#### PROBLEM:
Set down each line of the records once more, precisely, and omit the pictures.

#### ENTRIES SUPPLIED:
▼▼▼

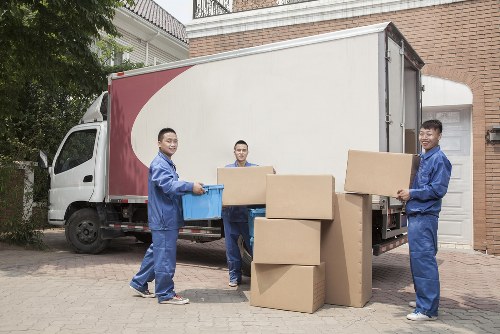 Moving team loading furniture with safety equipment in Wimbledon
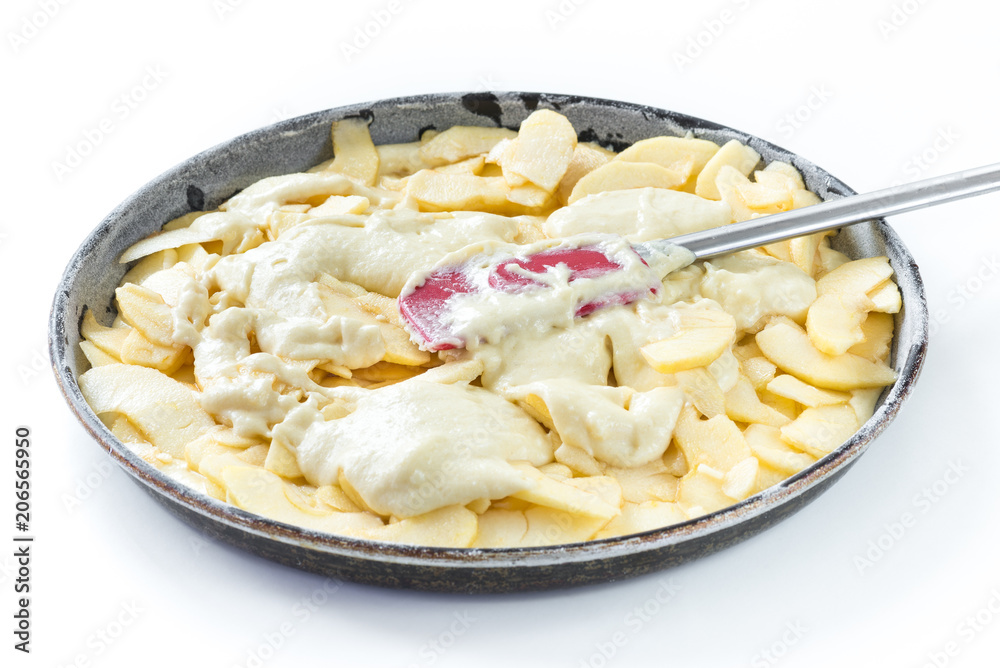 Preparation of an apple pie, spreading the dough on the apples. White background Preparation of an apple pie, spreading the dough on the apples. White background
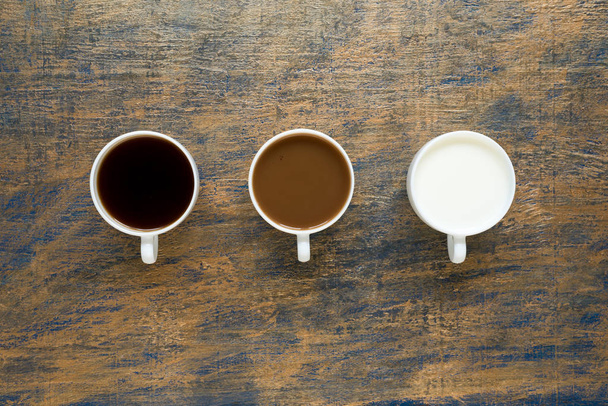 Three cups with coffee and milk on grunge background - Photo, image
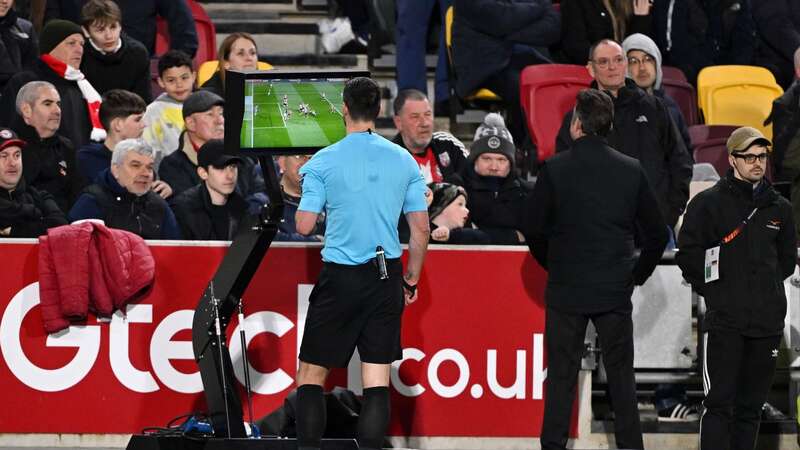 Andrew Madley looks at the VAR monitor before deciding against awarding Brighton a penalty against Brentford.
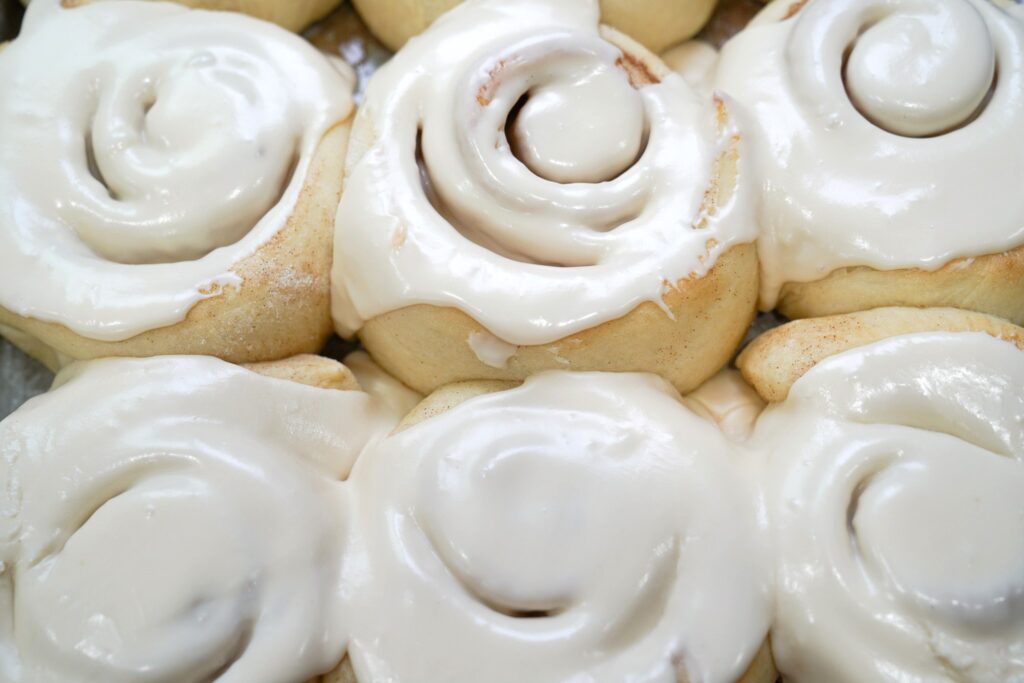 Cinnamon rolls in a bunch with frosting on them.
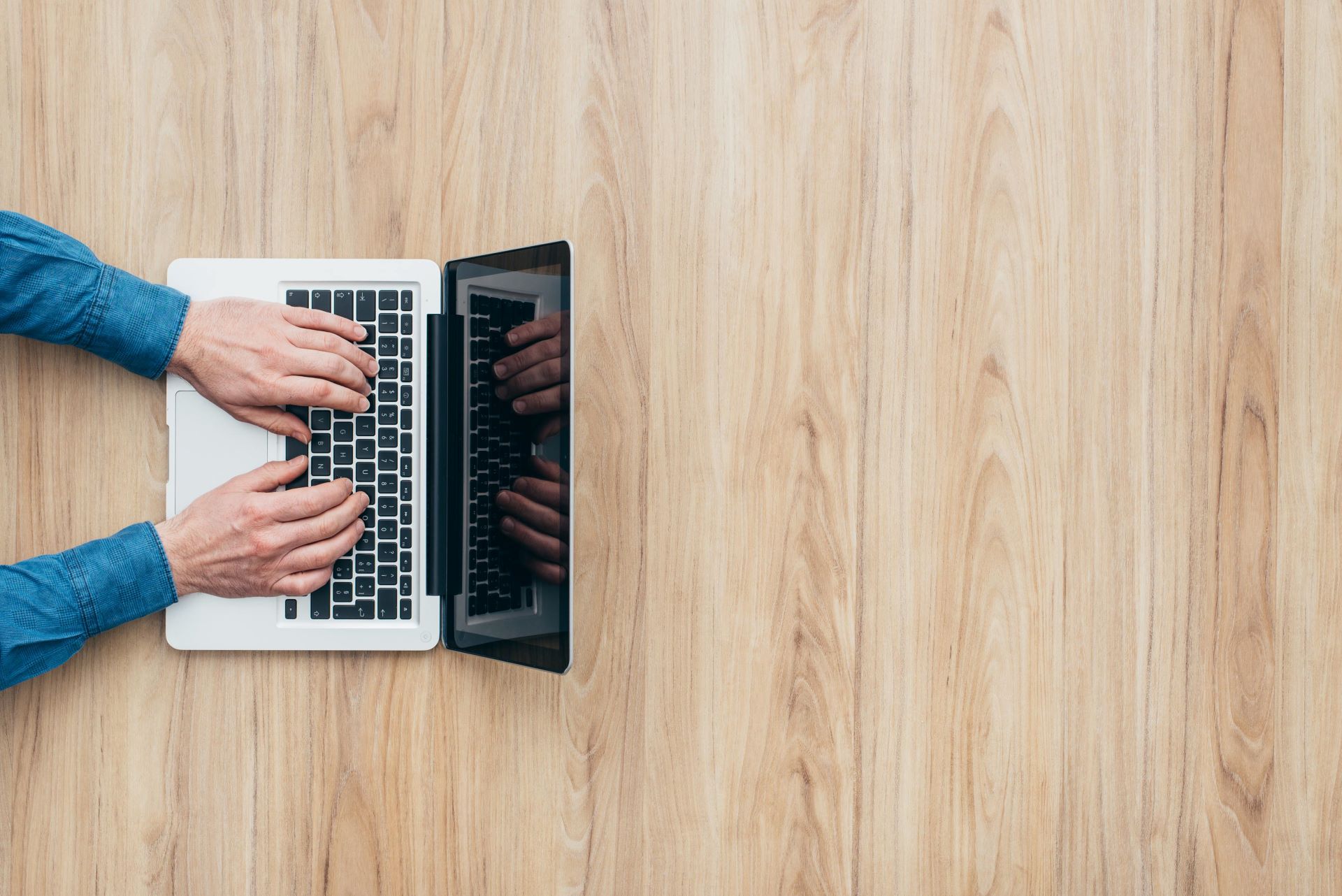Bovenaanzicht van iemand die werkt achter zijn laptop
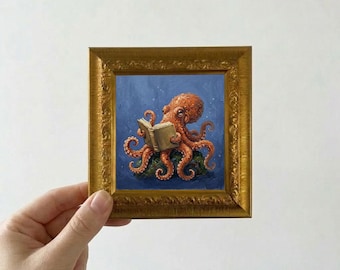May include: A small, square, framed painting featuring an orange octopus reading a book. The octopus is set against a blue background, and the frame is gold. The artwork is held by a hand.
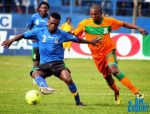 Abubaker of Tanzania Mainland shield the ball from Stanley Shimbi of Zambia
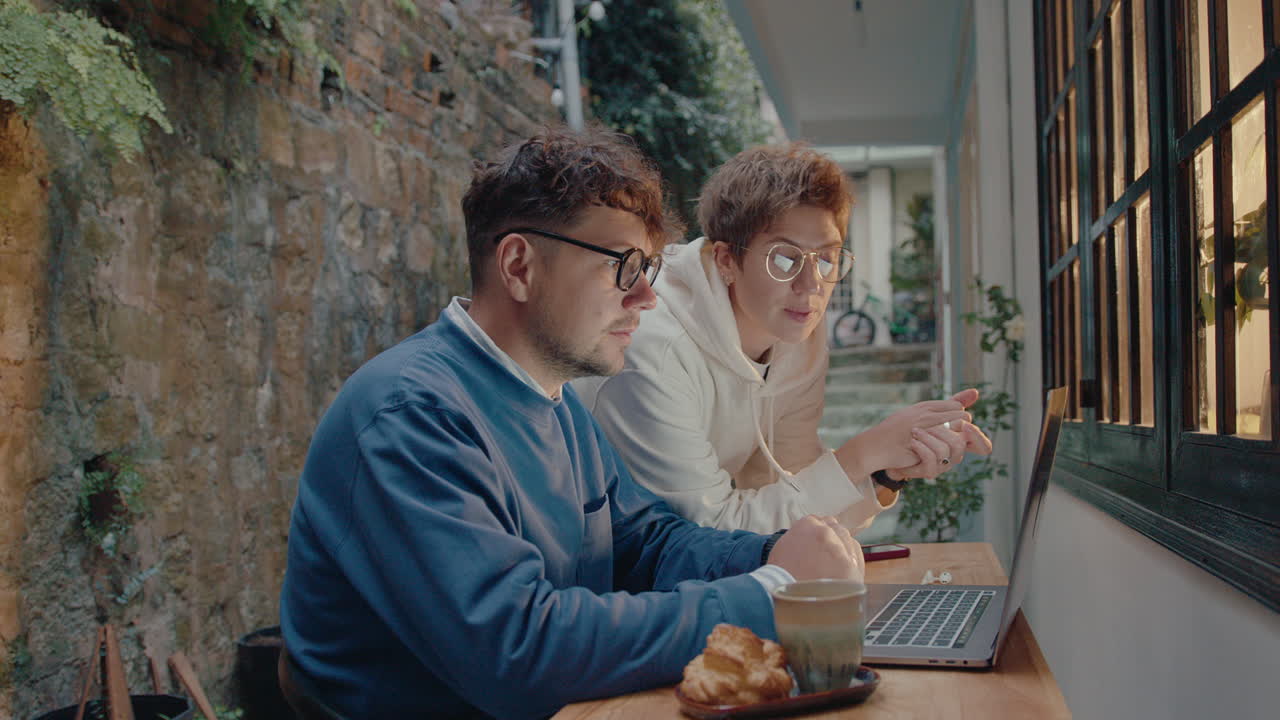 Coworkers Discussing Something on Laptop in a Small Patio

▲▲▲

#### WRITTEN SOLUTION:
 Moving team loading furniture with safety equipment in Wimbledon
 Preparation of an apple pie, spreading the dough on the apples. White background Preparation of an apple pie, spreading the dough on the apples. White background
 Three cups with coffee and milk on grunge background - Photo, image
 Andrew Madley looks at the VAR monitor before deciding against awarding Brighton a penalty against Brentford.
 Cinnamon rolls in a bunch with frosting on them.
Bovenaanzicht van iemand die werkt achter zijn laptop
May include: A small, square, framed painting featuring an orange octopus reading a book. The octopus is set against a blue background, and the frame is gold. The artwork is held by a hand.
 Abubaker of Tanzania Mainland shield the ball from Stanley Shimbi of Zambia
 Coworkers Discussing Something on Laptop in a Small Patio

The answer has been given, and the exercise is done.